The immediate follow-up is how many other schools used this "admissions model" as well. Malcolm really lays it on the Ivy Leagues, but what about the other private (i.e., big endowment needing) schools as well?

On that same note, I think the largest endowment for a private school is Emory, largely due to its holdings in Coca Cola, and massive donations from Robert Gouizetta, who possibly wouldn't have been admitted under the "admissions plan".
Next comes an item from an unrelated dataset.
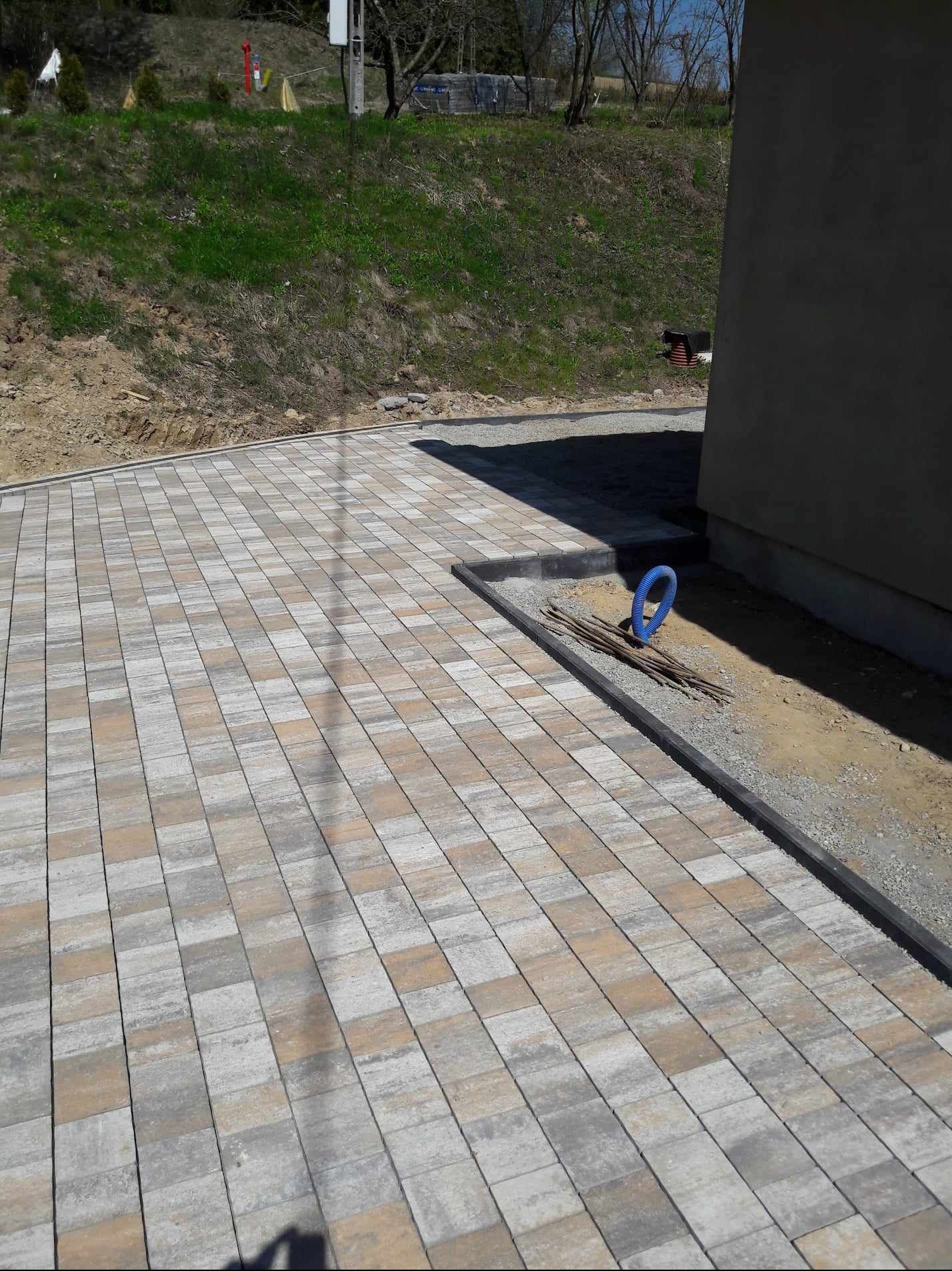 Świeżo ułożona, wielobarwna kostka brukowa na podjeździe, z widocznymi rurami i prętami zbrojeniowymi przy krawędzi, na tle zielonego wzgórza i szarej ściany budynku.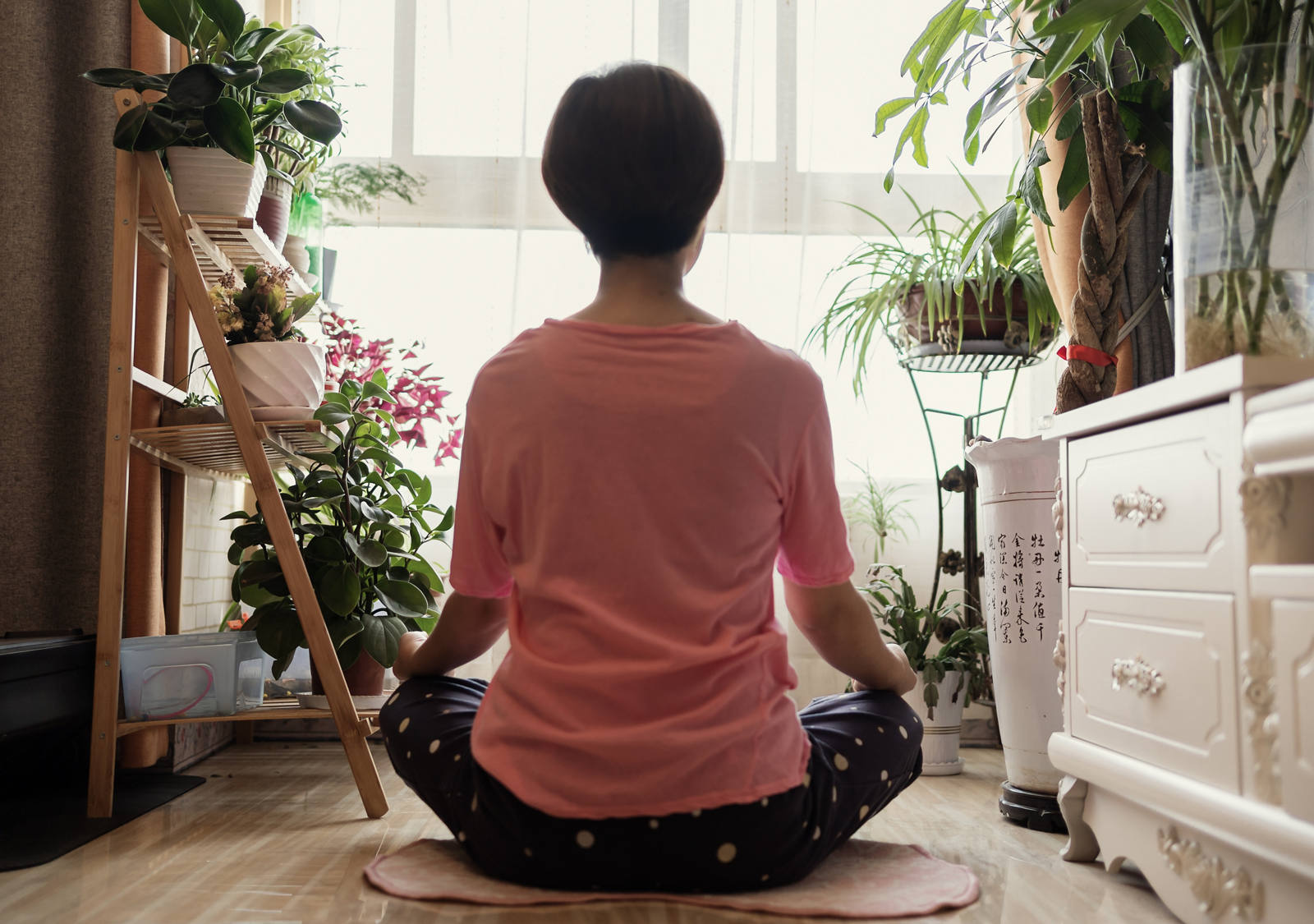 Im Schneidersitz sitzt eine Frau am Boden inmitten einem Raum voller Pflanzen und entspannt sich.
It's lunchtime, but I've lost my appetite.

shel

Richard,

Here's why the Ivies and other elite schools matter more when it comes to discrimination: They are the feeders into the social networks which become the ruling class we are not supposed to have in America. I went to Northeastern University in Boston, Mass. It was a good school and I learned a lot. But it taught me to be an employee. It taught me to be a news reporter not a media company president, which is what they were teaching over at Harvard. I turned starting my own business, where I consulted other start up companies. They would have equipped me for that at Stanforsd. I would have made the firends that would have provided me with the financing and infrastructure to make startups flourish. That isn't what they teach you at Northeastern and the people I met at Northeastern were really wonderful--but we were not expected to take over senior government positions, finance, industry, global enterprise stewardships and so on. The Ivies give graduates the tickets to ride. If you exclude minorities from their flora-covered gates, then you perpetuate a very devious and subliminal caste system.

Rich Dudley

I only meant that Malcom perhaps didn't go far enough. You can make excellent contacts at schools other than the Ivies who would benefit you in the same way. The more schools that use the Harvard admissions model, the greater the contribution to the same casting of society. These schools also deserved to be called out as well.

Richard Dudley

On the flip side, let's say you or I got in. There's no guarantee we'd make the contacts of which you spoke in your reply. We may not have passed the second admissions test--the unoffical one to get into 'the group'. Simply being at the school isn't enough. I'd like to think I'm the kind of guy who'd be welcomed by all, but would I really have been 'one of them'? Tough to say, since I have precious little patience for unnecessary BS. And to me, almost all BS is unnecessary.

Jeremy Pepper

You missed an interesting part of the story, where the first African American member of Skulls & Bones notes that if he was Jewish, he wouldn't been asked to join.